##### Supplied records

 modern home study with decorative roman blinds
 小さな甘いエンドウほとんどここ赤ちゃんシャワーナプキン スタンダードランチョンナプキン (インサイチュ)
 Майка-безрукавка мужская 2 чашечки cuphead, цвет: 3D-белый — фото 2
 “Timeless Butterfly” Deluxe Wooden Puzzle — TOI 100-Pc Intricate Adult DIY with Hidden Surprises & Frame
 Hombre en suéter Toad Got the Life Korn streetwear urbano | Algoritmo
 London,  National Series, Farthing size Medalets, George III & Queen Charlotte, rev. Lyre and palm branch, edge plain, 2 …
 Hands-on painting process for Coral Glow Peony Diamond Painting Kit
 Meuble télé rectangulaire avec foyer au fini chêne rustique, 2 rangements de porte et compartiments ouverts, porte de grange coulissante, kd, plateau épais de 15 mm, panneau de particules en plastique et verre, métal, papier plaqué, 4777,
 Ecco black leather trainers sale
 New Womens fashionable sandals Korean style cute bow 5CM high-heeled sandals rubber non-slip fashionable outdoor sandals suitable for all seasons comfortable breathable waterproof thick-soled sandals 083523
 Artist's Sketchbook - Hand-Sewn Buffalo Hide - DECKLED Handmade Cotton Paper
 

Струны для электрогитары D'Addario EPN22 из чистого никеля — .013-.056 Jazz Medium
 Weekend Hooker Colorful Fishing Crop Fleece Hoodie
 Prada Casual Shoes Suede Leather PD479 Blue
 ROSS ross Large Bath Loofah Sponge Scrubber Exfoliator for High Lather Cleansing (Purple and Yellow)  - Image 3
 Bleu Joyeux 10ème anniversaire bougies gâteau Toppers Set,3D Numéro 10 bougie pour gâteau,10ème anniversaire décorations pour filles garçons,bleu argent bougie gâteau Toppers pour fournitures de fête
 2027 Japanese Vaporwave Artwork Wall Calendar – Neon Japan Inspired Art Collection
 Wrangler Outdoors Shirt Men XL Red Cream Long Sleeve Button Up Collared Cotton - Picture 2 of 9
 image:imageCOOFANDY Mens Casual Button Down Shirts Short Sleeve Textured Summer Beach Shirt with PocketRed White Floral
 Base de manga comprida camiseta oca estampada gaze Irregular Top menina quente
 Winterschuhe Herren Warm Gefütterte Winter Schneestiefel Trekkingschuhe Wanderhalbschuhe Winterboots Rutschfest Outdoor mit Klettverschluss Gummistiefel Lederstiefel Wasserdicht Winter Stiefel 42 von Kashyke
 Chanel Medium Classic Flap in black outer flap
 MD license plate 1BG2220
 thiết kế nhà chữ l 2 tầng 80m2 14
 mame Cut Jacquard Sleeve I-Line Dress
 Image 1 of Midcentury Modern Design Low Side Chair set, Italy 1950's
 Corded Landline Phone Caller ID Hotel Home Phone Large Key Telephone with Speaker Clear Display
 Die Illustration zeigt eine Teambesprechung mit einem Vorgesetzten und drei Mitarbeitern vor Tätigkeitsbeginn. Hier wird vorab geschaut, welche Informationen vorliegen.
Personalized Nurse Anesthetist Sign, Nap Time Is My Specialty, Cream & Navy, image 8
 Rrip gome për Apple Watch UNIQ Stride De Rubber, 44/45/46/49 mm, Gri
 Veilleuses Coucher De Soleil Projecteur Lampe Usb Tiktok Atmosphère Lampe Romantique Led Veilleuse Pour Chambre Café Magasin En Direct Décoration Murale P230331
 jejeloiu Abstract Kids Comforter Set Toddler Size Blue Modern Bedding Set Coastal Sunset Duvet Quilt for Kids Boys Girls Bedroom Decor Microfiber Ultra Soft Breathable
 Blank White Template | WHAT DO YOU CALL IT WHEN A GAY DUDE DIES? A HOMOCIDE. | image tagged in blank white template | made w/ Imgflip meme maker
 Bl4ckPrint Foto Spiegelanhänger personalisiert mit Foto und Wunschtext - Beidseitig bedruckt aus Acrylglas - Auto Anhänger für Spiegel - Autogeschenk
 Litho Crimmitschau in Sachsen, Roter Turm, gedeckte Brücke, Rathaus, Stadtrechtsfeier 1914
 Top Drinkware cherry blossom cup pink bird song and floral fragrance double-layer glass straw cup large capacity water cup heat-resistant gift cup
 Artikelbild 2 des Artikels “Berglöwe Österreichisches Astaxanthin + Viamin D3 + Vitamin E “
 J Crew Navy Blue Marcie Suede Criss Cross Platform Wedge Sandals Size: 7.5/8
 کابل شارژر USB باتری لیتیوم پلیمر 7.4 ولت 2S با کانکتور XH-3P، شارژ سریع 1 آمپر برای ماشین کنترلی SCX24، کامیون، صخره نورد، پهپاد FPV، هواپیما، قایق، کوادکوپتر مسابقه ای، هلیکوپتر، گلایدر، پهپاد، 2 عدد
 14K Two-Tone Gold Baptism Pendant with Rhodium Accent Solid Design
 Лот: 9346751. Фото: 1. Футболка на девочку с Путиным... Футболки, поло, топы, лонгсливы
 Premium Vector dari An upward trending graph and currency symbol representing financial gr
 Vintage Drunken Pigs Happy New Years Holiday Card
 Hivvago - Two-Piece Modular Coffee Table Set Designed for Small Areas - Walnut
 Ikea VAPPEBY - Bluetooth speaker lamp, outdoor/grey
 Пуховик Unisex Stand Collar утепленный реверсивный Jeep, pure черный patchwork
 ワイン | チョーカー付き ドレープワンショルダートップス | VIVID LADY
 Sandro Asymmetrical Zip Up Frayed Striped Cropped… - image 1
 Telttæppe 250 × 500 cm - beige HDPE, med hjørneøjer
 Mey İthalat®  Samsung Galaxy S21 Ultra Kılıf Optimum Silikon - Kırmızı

##########

Work to complete
What's needed is every entry, returned word for word.

Written solution
 modern home study with decorative roman blinds
 小さな甘いエンドウほとんどここ赤ちゃんシャワーナプキン スタンダードランチョンナプキン (インサイチュ)
 Майка-безрукавка мужская 2 чашечки cuphead, цвет: 3D-белый — фото 2
 “Timeless Butterfly” Deluxe Wooden Puzzle — TOI 100-Pc Intricate Adult DIY with Hidden Surprises & Frame
 Hombre en suéter Toad Got the Life Korn streetwear urbano | Algoritmo
 London,  National Series, Farthing size Medalets, George III & Queen Charlotte, rev. Lyre and palm branch, edge plain, 2 …
 Hands-on painting process for Coral Glow Peony Diamond Painting Kit
 Meuble télé rectangulaire avec foyer au fini chêne rustique, 2 rangements de porte et compartiments ouverts, porte de grange coulissante, kd, plateau épais de 15 mm, panneau de particules en plastique et verre, métal, papier plaqué, 4777,
 Ecco black leather trainers sale
 New Womens fashionable sandals Korean style cute bow 5CM high-heeled sandals rubber non-slip fashionable outdoor sandals suitable for all seasons comfortable breathable waterproof thick-soled sandals 083523
 Artist's Sketchbook - Hand-Sewn Buffalo Hide - DECKLED Handmade Cotton Paper
 

Струны для электрогитары D'Addario EPN22 из чистого никеля — .013-.056 Jazz Medium
 Weekend Hooker Colorful Fishing Crop Fleece Hoodie
 Prada Casual Shoes Suede Leather PD479 Blue
 ROSS ross Large Bath Loofah Sponge Scrubber Exfoliator for High Lather Cleansing (Purple and Yellow)  - Image 3
 Bleu Joyeux 10ème anniversaire bougies gâteau Toppers Set,3D Numéro 10 bougie pour gâteau,10ème anniversaire décorations pour filles garçons,bleu argent bougie gâteau Toppers pour fournitures de fête
 2027 Japanese Vaporwave Artwork Wall Calendar – Neon Japan Inspired Art Collection
 Wrangler Outdoors Shirt Men XL Red Cream Long Sleeve Button Up Collared Cotton - Picture 2 of 9
 image:imageCOOFANDY Mens Casual Button Down Shirts Short Sleeve Textured Summer Beach Shirt with PocketRed White Floral
 Base de manga comprida camiseta oca estampada gaze Irregular Top menina quente
 Winterschuhe Herren Warm Gefütterte Winter Schneestiefel Trekkingschuhe Wanderhalbschuhe Winterboots Rutschfest Outdoor mit Klettverschluss Gummistiefel Lederstiefel Wasserdicht Winter Stiefel 42 von Kashyke
 Chanel Medium Classic Flap in black outer flap
 MD license plate 1BG2220
 thiết kế nhà chữ l 2 tầng 80m2 14
 mame Cut Jacquard Sleeve I-Line Dress
 Image 1 of Midcentury Modern Design Low Side Chair set, Italy 1950's
 Corded Landline Phone Caller ID Hotel Home Phone Large Key Telephone with Speaker Clear Display
 Die Illustration zeigt eine Teambesprechung mit einem Vorgesetzten und drei Mitarbeitern vor Tätigkeitsbeginn. Hier wird vorab geschaut, welche Informationen vorliegen.
Personalized Nurse Anesthetist Sign, Nap Time Is My Specialty, Cream & Navy, image 8
 Rrip gome për Apple Watch UNIQ Stride De Rubber, 44/45/46/49 mm, Gri
 Veilleuses Coucher De Soleil Projecteur Lampe Usb Tiktok Atmosphère Lampe Romantique Led Veilleuse Pour Chambre Café Magasin En Direct Décoration Murale P230331
 jejeloiu Abstract Kids Comforter Set Toddler Size Blue Modern Bedding Set Coastal Sunset Duvet Quilt for Kids Boys Girls Bedroom Decor Microfiber Ultra Soft Breathable
 Blank White Template | WHAT DO YOU CALL IT WHEN A GAY DUDE DIES? A HOMOCIDE. | image tagged in blank white template | made w/ Imgflip meme maker
 Bl4ckPrint Foto Spiegelanhänger personalisiert mit Foto und Wunschtext - Beidseitig bedruckt aus Acrylglas - Auto Anhänger für Spiegel - Autogeschenk
 Litho Crimmitschau in Sachsen, Roter Turm, gedeckte Brücke, Rathaus, Stadtrechtsfeier 1914
 Top Drinkware cherry blossom cup pink bird song and floral fragrance double-layer glass straw cup large capacity water cup heat-resistant gift cup
 Artikelbild 2 des Artikels “Berglöwe Österreichisches Astaxanthin + Viamin D3 + Vitamin E “
 J Crew Navy Blue Marcie Suede Criss Cross Platform Wedge Sandals Size: 7.5/8
 کابل شارژر USB باتری لیتیوم پلیمر 7.4 ولت 2S با کانکتور XH-3P، شارژ سریع 1 آمپر برای ماشین کنترلی SCX24، کامیون، صخره نورد، پهپاد FPV، هواپیما، قایق، کوادکوپتر مسابقه ای، هلیکوپتر، گلایدر، پهپاد، 2 عدد
 14K Two-Tone Gold Baptism Pendant with Rhodium Accent Solid Design
 Лот: 9346751. Фото: 1. Футболка на девочку с Путиным... Футболки, поло, топы, лонгсливы
 Premium Vector dari An upward trending graph and currency symbol representing financial gr
 Vintage Drunken Pigs Happy New Years Holiday Card
 Hivvago - Two-Piece Modular Coffee Table Set Designed for Small Areas - Walnut
 Ikea VAPPEBY - Bluetooth speaker lamp, outdoor/grey
 Пуховик Unisex Stand Collar утепленный реверсивный Jeep, pure черный patchwork
 ワイン | チョーカー付き ドレープワンショルダートップス | VIVID LADY
 Sandro Asymmetrical Zip Up Frayed Striped Cropped… - image 1
 Telttæppe 250 × 500 cm - beige HDPE, med hjørneøjer
 Mey İthalat®  Samsung Galaxy S21 Ultra Kılıf Optimum Silikon - Kırmızı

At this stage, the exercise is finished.